17 Ağustos gece şokunu sağ selim atlatan bizler, depremin boyutları anlaşılır anlaşılmaz üçe bölündük : "Allah verdi Allah aldı" deyip vurdum duymazlıktan gelerek çarçabuk gündelik yaşamlarına dönenler bir; "fay’dan pay" çıkarmaya çalışanlar iki; yardım telaşına düşenler üç. İlk grup sessiz çoğunluk olmasına karşın doğal olarak pek medyatik olamadı. İkinci ve üçüncü grup hakkında ise türlü türlü gerçek ve yapmacık haber yayımlanmıştır. Tekrar, işin zararınadır. Yaraları sarma zamanıdır deniyor. Türkiye’de yaraların sarılmasında ise, nedense, genellikle unutma, gözden ırak tutma yolundan gidilme eğilimi yaygındır.

Deprem gibi doğal bir afet önlenemez ne yazık ki; öyleyse dikkatlerimiz felaket öncesi ve sonrasında alınacak önleyici, koruyucu ve sağaltıcı tedbirlere yönelik olmalıdır. Depremin adeta gündelik yaşamın normal bir parçası olduğu Japonya’da tüm halka deprem eğitimi verilir, deprem anında herkes ne yapacağını bilir, ölüm rakamları böylece düşük tutulur. Amerika, Meksika ve yine Japonya’da erken uyarı sistemleri uygulamada. Türkiye’de de depremlere dayanıklı yapılaşmaya uygun yasalar mevcuttur, uygulayan yoktur... Aksine, gece yarısında binaların çatlaklarını sıvalayanlar vardır!

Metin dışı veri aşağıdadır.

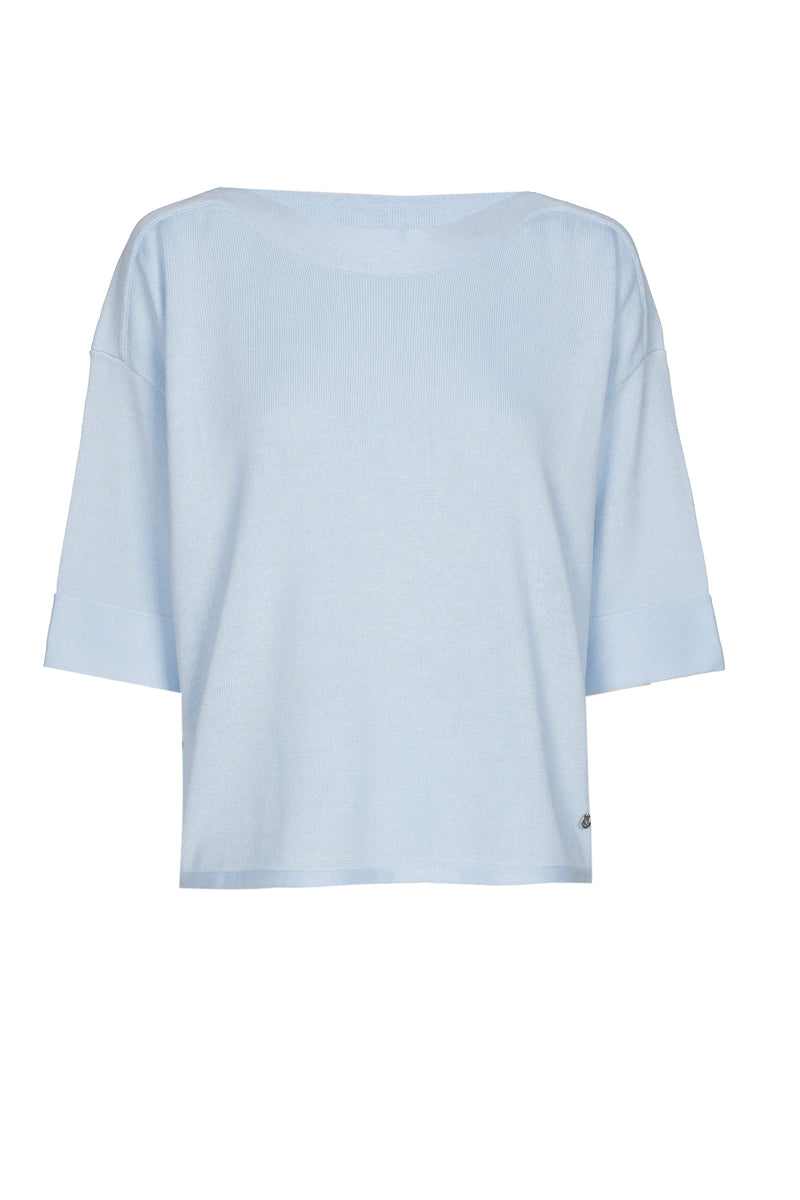 Lichtblauwe pull met boothals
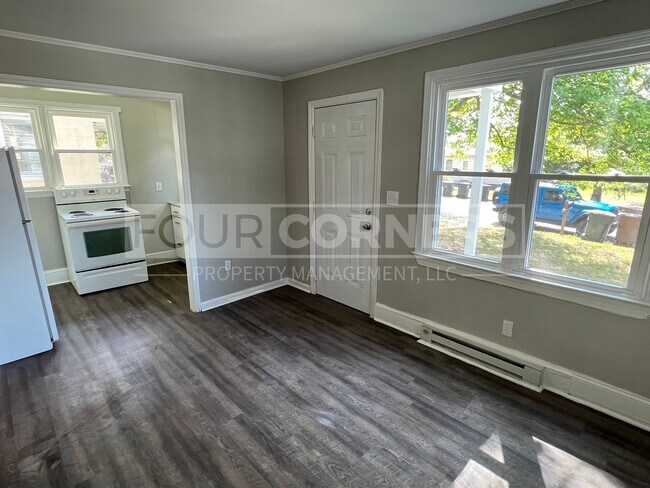 Building Photo - Renovated 1 Bedroom 1 Bath Home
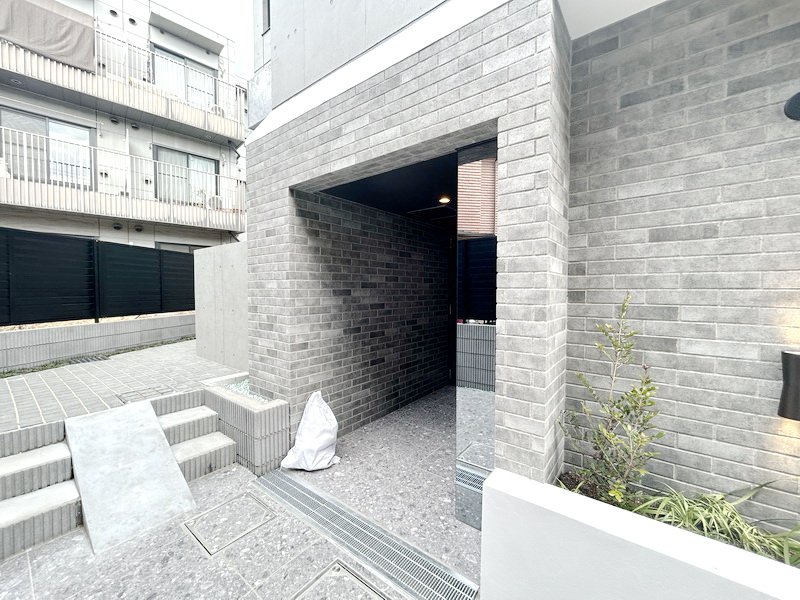 部屋探しは株式会社 タウンハウジング までお気軽にお問合せ下さい。
クレジットカード決済・首都圏を中心直営143店舗 仲介件数全国2位の豊富な実績!諸費用・審査等・何でもご相談下さい。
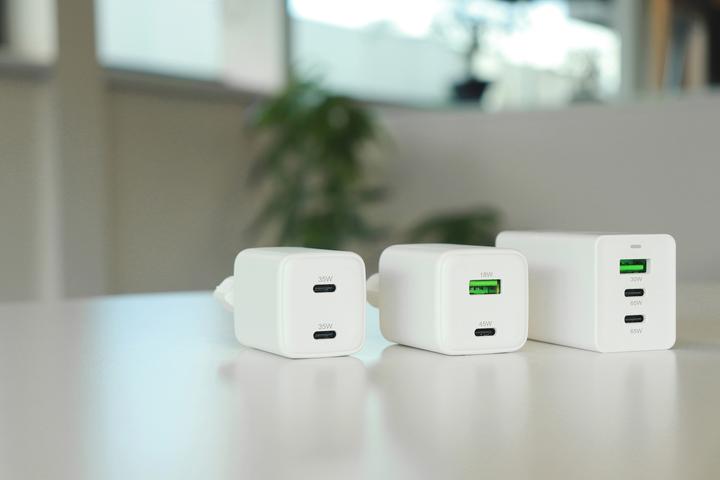Produktbild Mobiparts GaN Wall Charger USB-Cx2/USB-A3.0/QC 65W White (65 W)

Bölgede yaşayan, evsiz barksız kalan, yakınları ölen afetzedeler için unutmak ne kadar olanaksız ise, bizler için de unutmamak, unutturmamak o kadar görevdir.

Sivil toplum olmak istersek, gönüllü örgütlenme, gönüllü yardım gibi konularda eş güdümü sağlamak kendimize de, oyumuzla belirttiğimiz temsilcilerimize de düşer. „Yukarıdaki“lerden fazla bir şey beklemeden, herkes yapabileceğini bir kere iyi bilmeli, sonra da uygulayabilmelidir.

Biz kültür ve medya alanında çalışanlara, panik yaratmamak, çıkan panikleri yatıştırmak, gerçekçi haber vermek, halkı kışkırtan ya da olumsuz ruhsal durumlara düşüren yayınlardan sakınmak gibi görevlerin yanı sıra, kullandığımız dile dikkat etmek de düşer kanımca. Meslek aletleri dil olan bizler için, dili bilinçli kullanma ve insancıl/insanca bir dile özenle sadık kalma, kendi açımızdan toplumu temsil eden okuyucularda yara açmama ve açılan yaraları sarmanın yollarından biridir.